With the raw power of AI already established, companies are looking to proprietary training data as a competitive advantage. And instead of farming the job out to contractors, they often take on the job themselves.

Email company the fixerwhich uses AI models to sort emails and draft replies, is one example.

After some initial experimentation, founder Richard Hollingsworth discovered the best approach was to use an array of small models with tightly focused training data. Unlike Turing, Fixer is building someone else’s base model — but the underlying intuition is the same.

“We realized that data quality, not quantity, is the thing that really defines performance,” Hollingsworth told me.

In practical terms, this means some unconventional personnel choices. In the early days, fixer engineers and managers were sometimes outnumbered four to one by the executive assistants needed to train the model, Hollingsworth says.

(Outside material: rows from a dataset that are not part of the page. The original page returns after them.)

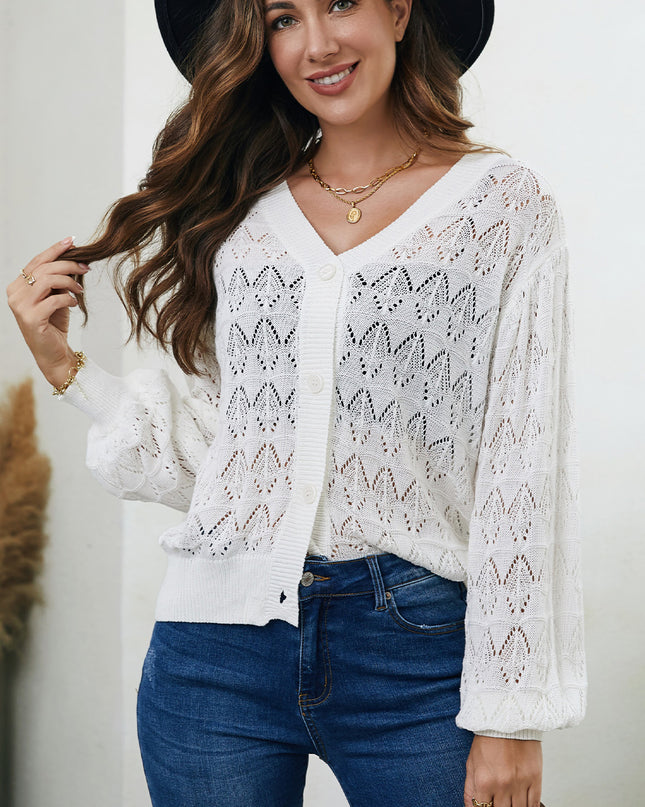 Openwork V-Neck Cardigan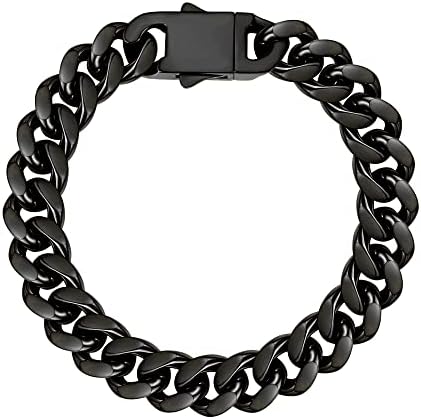 Pulseiras de cadeia de ligação cubana de aço inoxidável FAMARINE para homens 8/9 polegadas, fivela quadrada Buckle Miami Silver Cuban Link Chain Bracelet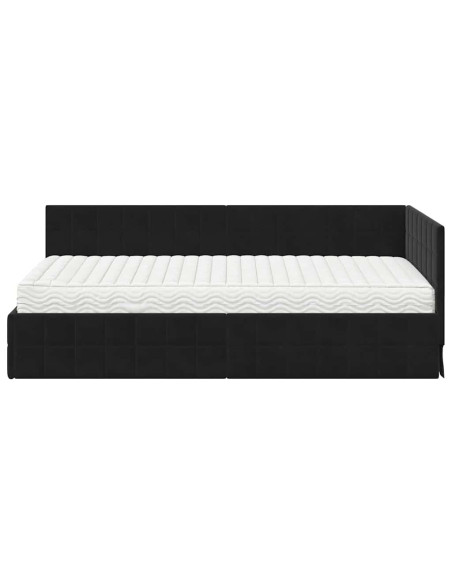 Struttura Letto Angolare con Materasso 2 pcs Nero Velluto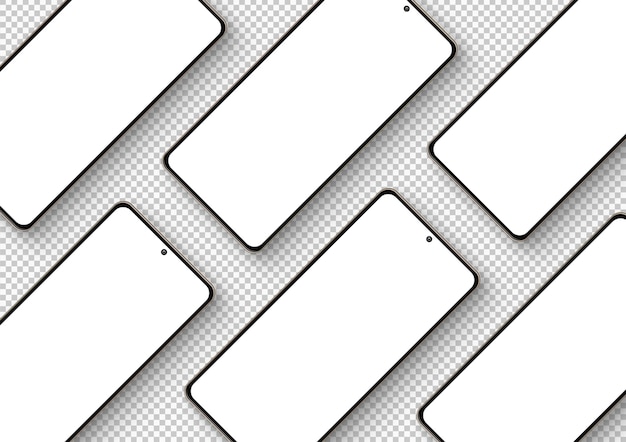 Composition diagonale des smartphones isolés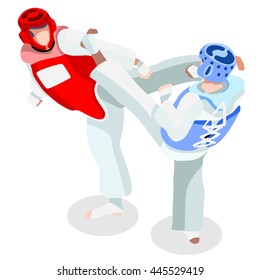 Taekwondo Fight Wrestling Athletes Summer Games Icon Set. 3D Isometric Athlete. Sporting Championship International Competition. Infographic Athletics Taekwondo Fight Wrestling Events Illustration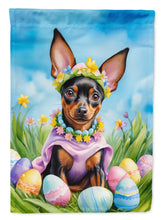 Load image into Gallery viewer, Miniature Pinscher Easter Garden Flag - Easter Egg Hunt - Dog-Themed Spring Yard Decor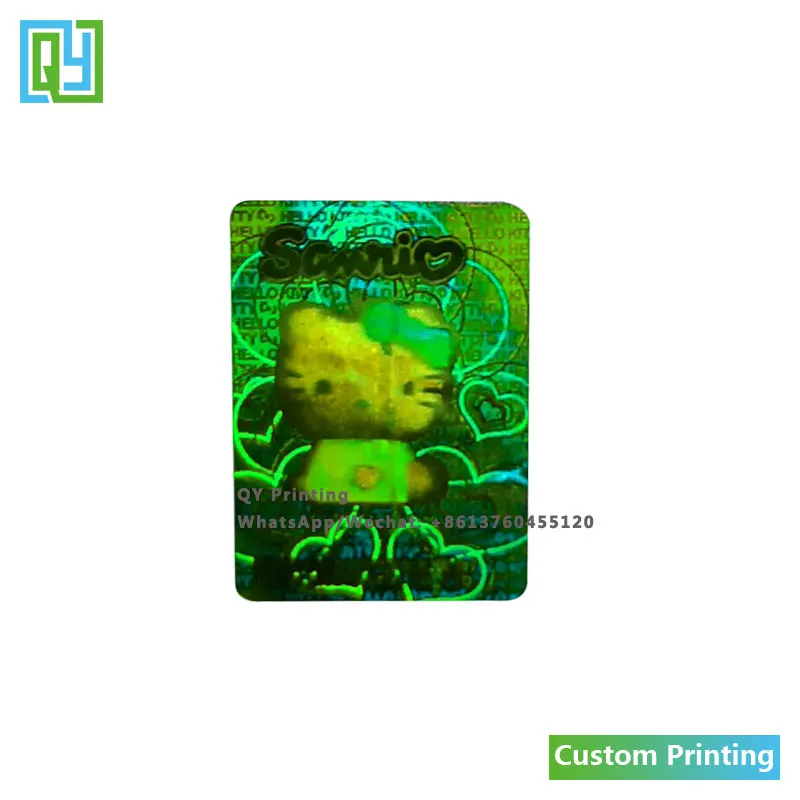 10000pcs 11x16mm Custom Printed High Quality Green Hologam Stickers Brand Mark Cosmetices Logo Label Color 3D Holographic Seals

“We used a lot of experienced executive assistants, because we needed training on the basics of whether to reply to an email,” he told TechCrunch. “It’s a very people-oriented problem. Great people are very hard to find.”

Data collection never slowed down, but over time Hollingsworth became more precious about datasets, preferring smaller sets of more tightly curated datasets when it came to post-training. As he puts it, “The quality of information, not the quantity, is what really defines effectiveness.”

This is especially true when using synthetic data, magnifying both the scope of possible training scenarios and the impact of any errors in the original dataset. In terms of perspective, Turing estimates that 75% to 80% of its data is synthetic, extrapolated from the original GoPro video. But this makes it even more important to keep the original dataset as high-quality as possible.

“If the pre-training data itself isn’t of good quality, then what you do with the synthetic data isn’t going to be of good quality either,” says Sivaraman.

Beyond quality concerns, there is a strong competitive rationale behind keeping data collection in-house. For Fyxer, the hard work of data collection is one of the company’s best moats against the competition. As Hollingsworth sees it, anyone can build an open source model into their product — but not everyone can find expert annotations to train it into a viable product.

“We believe the best way to do this is with data,” he told TechCrunch, “by building custom models, with high-quality, human-led data training.”